Redmond produced another vibrant display as Southampton dispatched Burnley with a comfortable 3-1 win at St Mary’s. Puel’s side were fortunate not to concede a first-half penalty when Virgil van Dijk bundled into Johann Berg Gudmundsson. However, the homes side amassed an incredible 34 shots on goal and were clear and deserved winners. The former Norwich wideman was a constant threat throughout; playing largely from the left flank but also given license to make runs inside into the centre forward position.
It needs to be stressed that Redmond is still only 22. He has been a familiar name for a long time now having racked up 22 starts for Birmingham City in the Championship in the 2012-13 season when has was just a teenager. Redmond has also won 25 caps for England Under 21s without ever becoming a serious part of the discussion when it comes to the senior squad. £10 million was a healthy fee for Southampton to pay for a winger with just seven goals in 69 Premier League appearances for his previous club.

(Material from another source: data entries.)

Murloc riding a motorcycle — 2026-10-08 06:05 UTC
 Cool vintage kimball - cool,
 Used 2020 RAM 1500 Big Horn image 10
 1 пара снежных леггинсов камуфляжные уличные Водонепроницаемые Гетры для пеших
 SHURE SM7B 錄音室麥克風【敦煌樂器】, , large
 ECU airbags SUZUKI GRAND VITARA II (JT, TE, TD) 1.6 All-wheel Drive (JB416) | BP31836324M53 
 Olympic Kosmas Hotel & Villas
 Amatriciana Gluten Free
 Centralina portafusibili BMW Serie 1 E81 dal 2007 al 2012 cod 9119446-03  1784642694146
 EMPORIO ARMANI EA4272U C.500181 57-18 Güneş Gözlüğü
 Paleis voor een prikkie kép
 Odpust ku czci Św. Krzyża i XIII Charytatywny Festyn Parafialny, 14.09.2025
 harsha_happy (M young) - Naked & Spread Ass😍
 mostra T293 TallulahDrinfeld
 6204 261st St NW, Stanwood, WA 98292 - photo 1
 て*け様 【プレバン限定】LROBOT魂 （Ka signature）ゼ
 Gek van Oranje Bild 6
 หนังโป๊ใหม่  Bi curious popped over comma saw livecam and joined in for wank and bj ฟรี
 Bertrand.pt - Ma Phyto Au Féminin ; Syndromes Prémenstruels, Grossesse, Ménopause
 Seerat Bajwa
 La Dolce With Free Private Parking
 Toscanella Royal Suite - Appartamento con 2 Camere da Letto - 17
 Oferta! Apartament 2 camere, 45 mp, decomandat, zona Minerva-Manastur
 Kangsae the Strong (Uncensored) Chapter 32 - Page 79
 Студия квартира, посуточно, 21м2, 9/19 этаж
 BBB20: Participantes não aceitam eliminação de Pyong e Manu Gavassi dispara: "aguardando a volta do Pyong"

Puel has used him as part of a front two in his preferred 4-4-2 diamond system and Redmond perhaps needs to start scoring with more regularity to hold down this spot. His fine half volley against Burnley was his first league goal since the opening day of the season against Watford. That said, he has been far from anonymous in this period; Redmond has created 20 chances which is more than two a game. For a player whose game is based on pace and dribbling ability, he has an impressive pass completion rate of 90% which is an impressive level of accuracy.
In the game against Burnley, he maintained this level of technical assurance by completing 92% of his passes. Redmond did not do that by taking the safe option though; he made three key passes and had seven shots on goal, of which only one was off target. Most of these shots came from the left side of the penalty area, as Redmond opened up his body. Puel worked with a young Thierry Henry as coach at Monaco, and though the comparison is extremely unfair, it seems the Frenchman is trying to channel some of that into Redmond.
The trend of using players typically thought of as wide men in central areas has been evident across the Premier League; from Nacer Chadli at West Brom, Alexis Sanchez at Arsenal and more recently Eden Hazard at Chelsea. Counter attacking, attacking transition, creating from turnovers; all these phrases describe a feature of the game that has become increasingly important. Defences are almost universally well organised, and teams are keen to take advantage of the moments in a game when they are out of shape (usually just as the defending team loses possession). To exploit this to the maximum you need pace, both across the ground and in your passing. Redmond and those like him are ideal exponents of this craft.